First, let me say - I am not a flake who falls for just anyone. I have been married (stupidly), divorced from the abusive marriage, and in two serious relationships since. By serious relationship, I mean that I was in a committed, honest, and loving relationship with my ex-bf for 3 years. He broke up with me because he wanted something different than I did from life.
My relationship now is in it's 3rd year. He's more wonderful than I ever could have asked for, and better than I deserve. Here's my problem. I am ridden with guilt because I STILL have strong feelings for my best friend of 7 years, who was there for me during the end of my marriage, through my divorce, and through my entire 3 year relationship with my ex. I have always felt like I belong with him, but he doesn't want to risk losing our friendship. I don't want to wind up marrying a perfectly amazing guy (because my boyfriend now talks about marriage) just because he's great & wants to get married, when I still carry my best friend in my heart the way I do.

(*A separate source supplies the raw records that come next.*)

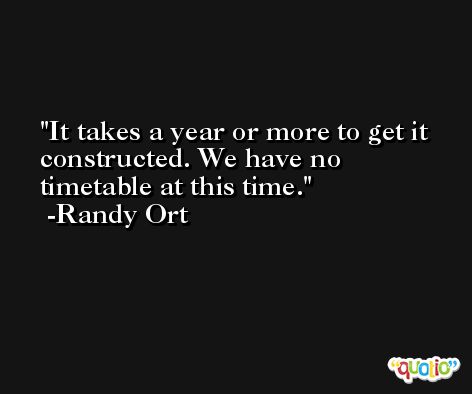 It takes a year or more to get it constructed. We have no timetable at this time. -Randy Ort
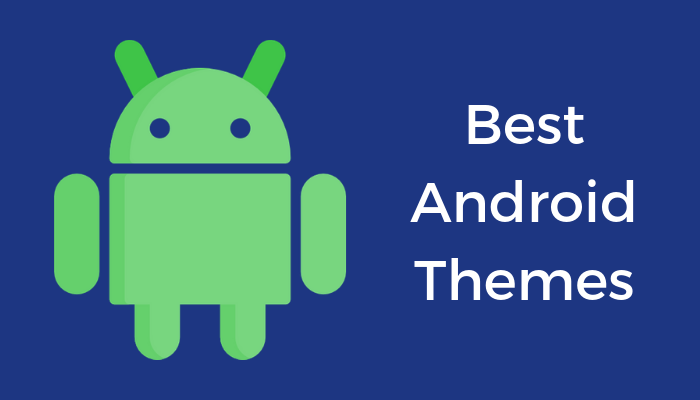 best android themes 1 - 20+ Best Android Themes| Free Download 20+ Best Android Themes| Free Download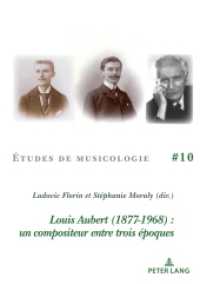 Louis Aubert (1877-1968) : un compositeur entre trois époques (Études de Musicologie/Musicological Studies 10) （2024. 346 S. 58 Abb. 210 mm）
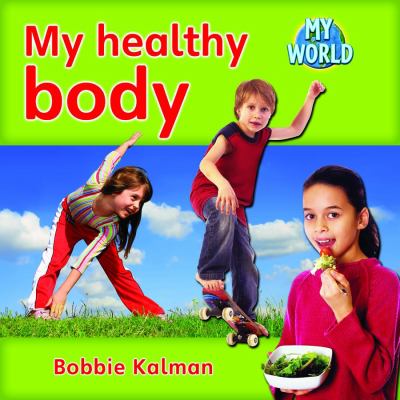 My healthy body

Honestly, I'd like to "get over" my best friend, and settle into a happy life with my boyfriend. I've been struggling with this for the extent of my relationship with my boyfriend, and have struggled with this issue for the past 6 years. I am tired, I don't want to hurt anyone (which seems almost inevitable), and I don't want to be lonely waiting for a guy who will never give us a shot for fear of losing our friendship. How does anyone deal with this?